Но Pink Floyd не приехали, а фестиваль проводился только на литовской стороне. Но по крайней мере Климкевиюсу удалось убедить белорусские власти разрешить своим гражданам пересечь границу без виз. Тем не менее, они отнюдь не были не под наблюдением. Агенты разведки из Минска установили кронштейны на границе. Оттуда они фотографировали толпу и могли определить, что группа под названием «Ляпис Трубецкой» из Минска исполнила песню «Свобода для Беларуси».
Это был восточноевропейский мини-Вудсток, полный «sex and drugs and rock ‘n’ roll». «Наши мертвые предки на кладбище по соседству перевернулись в гробах», – говорит Анна, пенсионерка, которая некогда была ведущей доильщицей в колхозе «Дружба», а теперь поет в церковном хоре. Она описывает фанатов как «зеленых, фиолетовых и голубых» – защитников окружающей среды, лесбиянок и геев. «Это хорошо, что белорусская молодежь защищена от подобных извращений в Пискунах», – говорит пожилая женщина со вздохом.
«Снести этот убогий забор»
Один из этих молодых людей – ее внучка Вероника, которая в последний раз навещала ее на пасху. 15-летняя девушка занимается греблей, любит носить дизайнерские джинсы и кроссовки, когда приезжает в Литву, товары, которые доступны только в столице Минске, но не в пограничном районе. Вероника устала «побираться, словно нищая», говорит Анна, которая регулярно залезает в свои накопления, чтобы дать денег своей внучке.
Однообразный и серый Норвилишкес оживает на три главных праздника, когда в пограничном заборе открываются маленькие ворота. Ровно в 10 утра литовские пограничники подъезжают на место в своих японских внедорожниках и поднимают флаги своей страны и Евросоюза. Белорусы подъезжают в старом и расшатанном военном автобусе.

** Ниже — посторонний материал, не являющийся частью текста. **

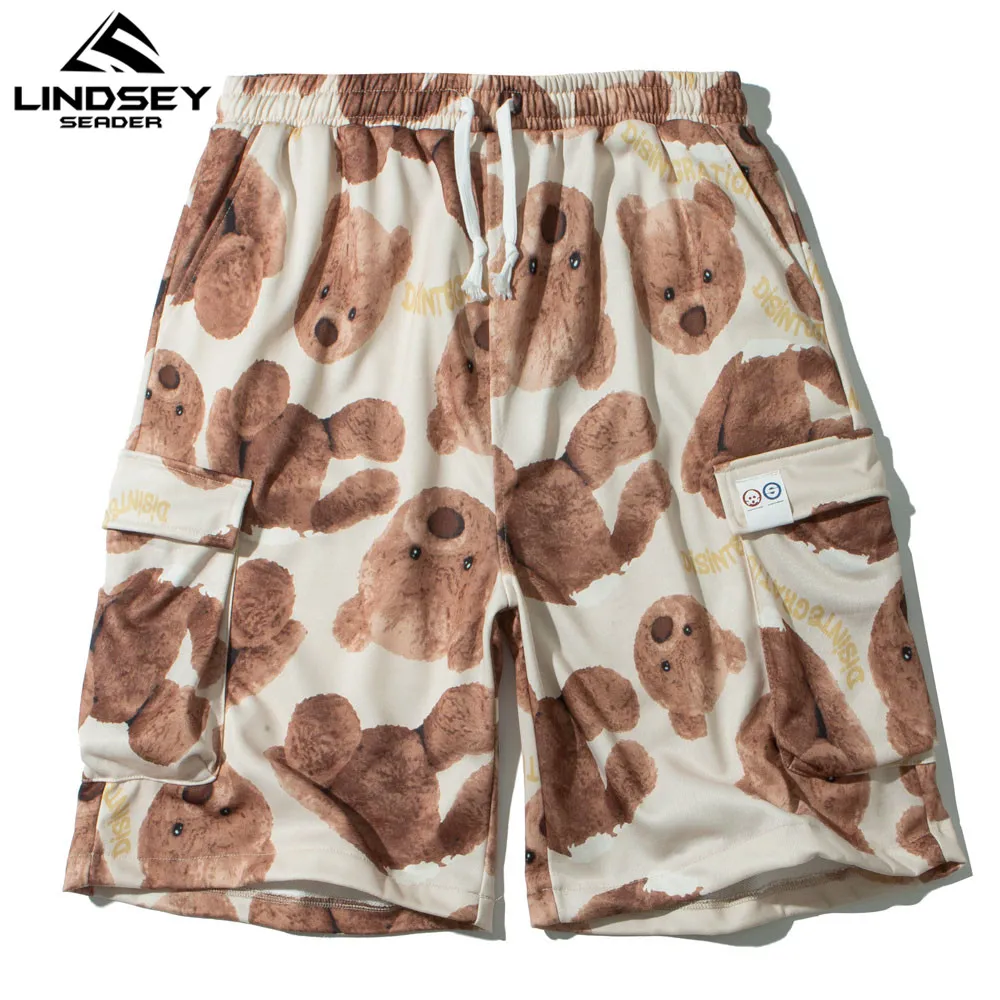 Летние шорты для бега в стиле хип хоп с принтом Медведи|Мужские шорты| |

В эти дни Аленцинович забывает о своем хозяйстве, принаряжается, надевает свое старое пальто, одевает ремень для поддержки своих засаленных брюк и идет к дому своей тети в Пискунах. Он приносит ей шоколадки, а Янина наливает водку и нарезает ветчину, сделанную из одного из ее поросят. Аленцинович ждет-не дождется, когда сможет поесть вкусного белорусского хлеба своей тети.
Он жалуется на свое правительство в Вильнюсе, пока Геннадий, муж его тети, протестует против властей в Минске. В последнее время стало ясно, что ситуация в Беларуси также совсем не такая благоприятная, как казалось. Страна погрязла в кризисе. «Наши деньги теряют свою стоимость быстрее, чем сгорает метеорит», – говорит Геннадий.
Шкаф в его гостиной наполнен запасенными товарами, включая несколько коробок белорусских сигарет «Прима», которые продаются примерно по 10 евроцентов за пачку. Аленцинович предлагает своим родственникам британские сигареты Kent, которые он принес с собой, и в этот короткий момент смакует свою роль богатого родственника с Запада, знающего, что Геннадий живет на свою скудную пенсию в 260 тысяч белорусских рублей в месяц, а это меньше 40 евро.
Вечер настает быстрее, чем они успевают его заметить, и для Аленциновича наступает время возвращаться на границу. Два человека начинают чувствовать тоску, впадая в меланхоличное состояние, сейчас, когда алкоголь сделал их немного смелее, чем обычно. «Выпьем», – говорит Геннадий в подобные такому моменты, «а потом мы пойдем к границе и снесем этот убогий забор вместе».